From the 19th to the 21st of May, Russia’s Republic of Tatarstan held the 13th International Economic Summit, titled “Russia-Islamic World: Kazan Summit 2022.” This annual summit aims to encourage cooperation between Russia and the member states of the Organization of Islamic Cooperation (OIC) in the fields of economy, trade, science and technology. The Summit included the Russia Halal Expo 2022 exhibition, World Halal Day, and other traditional events, such as the Forum of Young Entrepreneurs of OIC Countries, the Forum of Young Diplomats of OIC Countries, and SberTalk.

This year’s conference was marked by its unique symbolism; the event was dedicated to the 1100th anniversary of the adoption of Islam by the Volga Bulgars (Volga Tatars). The conversion of the Volga Bulgars followed the visit of a Islamic delegation, led by Ahmad Ibn Fadlan and sent by the Abbasid Caliph Jaffar Al-Muqtadir. In addition to marking this transformative moment, the Forum occurred in uniquely challenging geopolitical circumstances. The war in Ukraine has exacerbated tensions between Russia and the West, and the former remains shackled by a raft of severe economic and financial sanctions.

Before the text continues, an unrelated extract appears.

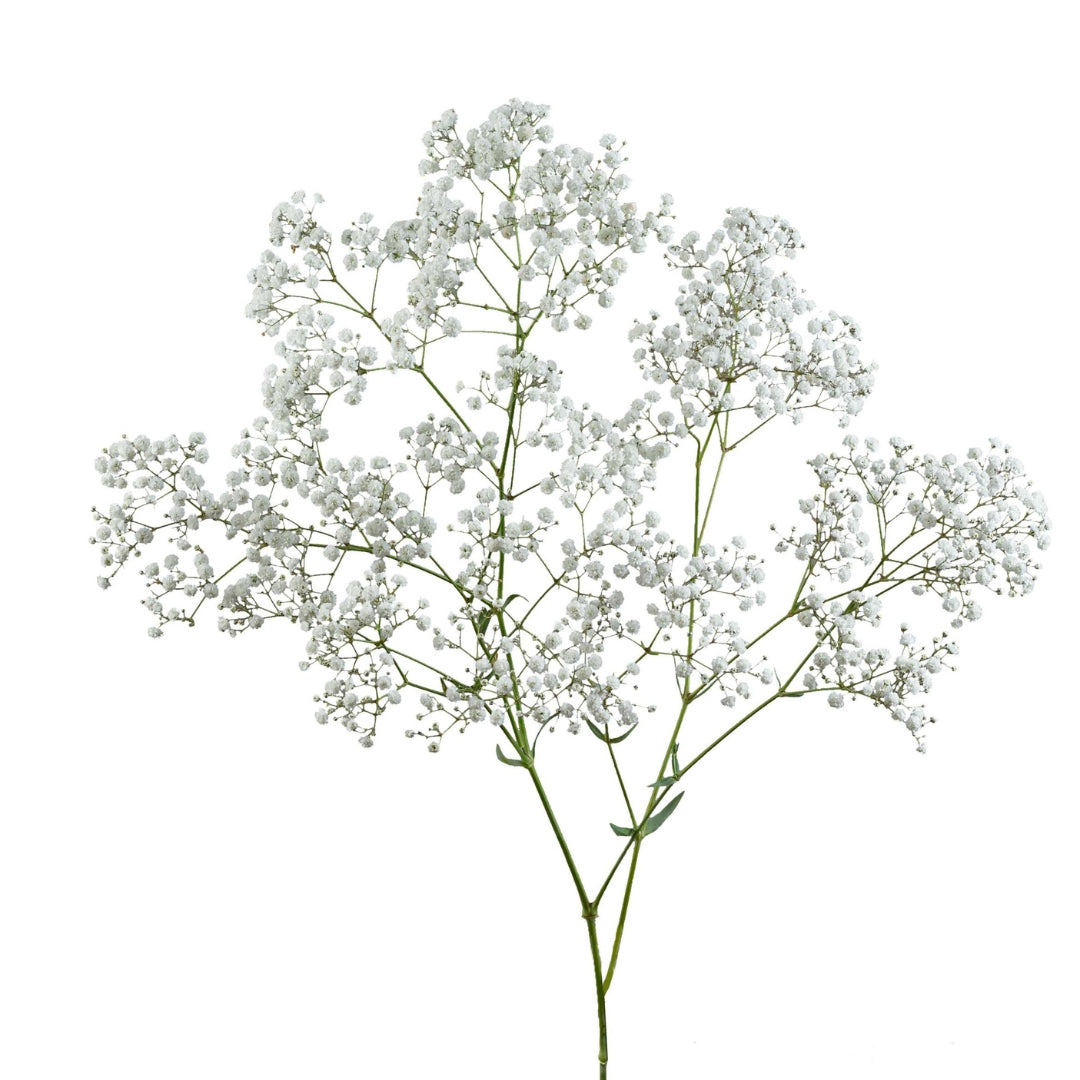 GYPSOPHILE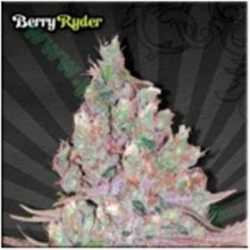 BERRY RYDER* AUTO SEEDS 3 SEMI FEM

Every new wave of various recent crises has caused Russia to turn further away from the West and toward the East. For example, the idea to introduce Islamic banking in the Russian Federation first arose during the financial crisis in 2008, when banks faced a shortage of liquidity and began to look for alternative sources of cash. After the annexation of Crimea in 2014, Russian banks felt the squeeze of Western sanctions. In response, the Association of Russian Banks proposed allowing Islamic banking in the Russian Federation and establishing a committee within the Central Bank to regulate the activities of Sharia banks.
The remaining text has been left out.